С тех пор прошло десять лет. Мне кажется, что нижеследующий текст – пусть слабо, но все же – дает понять глубину пропасти, разделяющей два времени. Я стою у ее края и пытаюсь вспомнить, о чем мы говорили с Беллой и Кривулиным почти пятнадцать лет назад, в сентябре 2000-го, пробираясь по перерытому ремонтниками Невскому. Но, увы, все пожрано вечности жерлом.
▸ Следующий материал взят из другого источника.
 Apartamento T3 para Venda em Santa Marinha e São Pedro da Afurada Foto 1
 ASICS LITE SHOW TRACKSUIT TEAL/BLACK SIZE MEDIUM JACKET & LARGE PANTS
Писать об Улановской – заново привыкать к русскому языку. Нет-нет, дело не в том, что, мол, вот знал язык на все сто, водил с ним тесную дружбу, жил в его владениях и угодьях, а потом рассорился, сбежал, хлопнул дверью, ушел навсегда. Нет. Просто есть «некий язык» – говоришь на нем, сочиняешь статейки, пописываешь прозочку, почитываешь сайтики. Невредный такой язык. Условно назовем его «русским». И живешь в полной убежденности, что он-то и есть тот самый русский язык, который. (Родной, великий, могучий, межнационального общения, спортивных комментаторов, политических аналитиков, звероподобных генералов, бодрых компьютерщиков, таксистов-шансонолюбов и так далее). Берешь в руки книгу Улановской и тормозишь. Что-то не так. Простые, вроде бы, слова. Интонация тоже вроде бы простая. Перед глазами встает пейзаж сосущей сердце красоты и свободы: заснеженное поле, ровный, слегка выцветший солнечный свет, от грязноватой, коричневатой дороги вбок уходят следы, две пары следов – человеческие и собачьи. Они ведут к опушке голого леса, там – черные ветки на фоне молочного неба. Начинаешь вспоминать: ты же знаешь, нет, ты знал этот язык. Ты читал на нем в детстве и юности, ты почти мог на нем говорить. Язык, не препарированный словарником до тезаурусного скелета, не заквашенный в бочке профессиональным русофилом, не засахаренный в постмодернистский цукат. На нем написано почти все самое лучшее, что ты прочел в своей жизни, так почему же ты мнешься в нерешительности, не знаешь, как приступить к делу? Да потому что отвык. Не читал все эти годы, а проглядывал, пробегал, проглатывал, довольствовался словесным фаст-фудом. А здесь другое – медленное протекание жизни и медленное чтение этой жизни. И медленное чтение медленного прочтения этой жизни. Здесь слово, фразу выжидают часами, дают ей подойти поближе, потом – хвать и вот уже можно разглядывать добычу.

***

Только не подумайте, нет-нет, никакой эстетический ретроутопии, никаких стилизаций под великую русскую. Ученичество у Бунина, Пришвина и Казакова – школа, хорошая школа, но она закончена давно. Мы помним учителей, некоторых даже любим до сих пор, вспоминаем в разговорах и мемуарах, отдаем, так сказать, дань. Улановская отдала дань им троим, не говоря уже об Аксакове, Тургеневе и даже Зворыкине; но вот дань выплачена, по белке с дыму, по глухарю с охоты, и она свободна. Только свободный писатель может заново создать язык и потом с удивлением заметить, что этот язык и есть его родной. Без традиции он – не охотничий пес, так, дворняжка (впрочем, бывают и премиленькие), без свободы он горазд только греметь цепью и лаять на проходящих. Проза Улановской – воплощение свободы, ее любовь к русской традиции бежит брачных оков. Как ей не знать всей тяжести семейных уз классика, ей, столько лет проработавшей в музее Достоевского? Вот, что там как-то раз произошло: «Однажды согрешили, примерив обручальное кольцо А.Г., надо сказать, что очень тонкое. Только главный хранитель легко его сняла, оно пришлось впору.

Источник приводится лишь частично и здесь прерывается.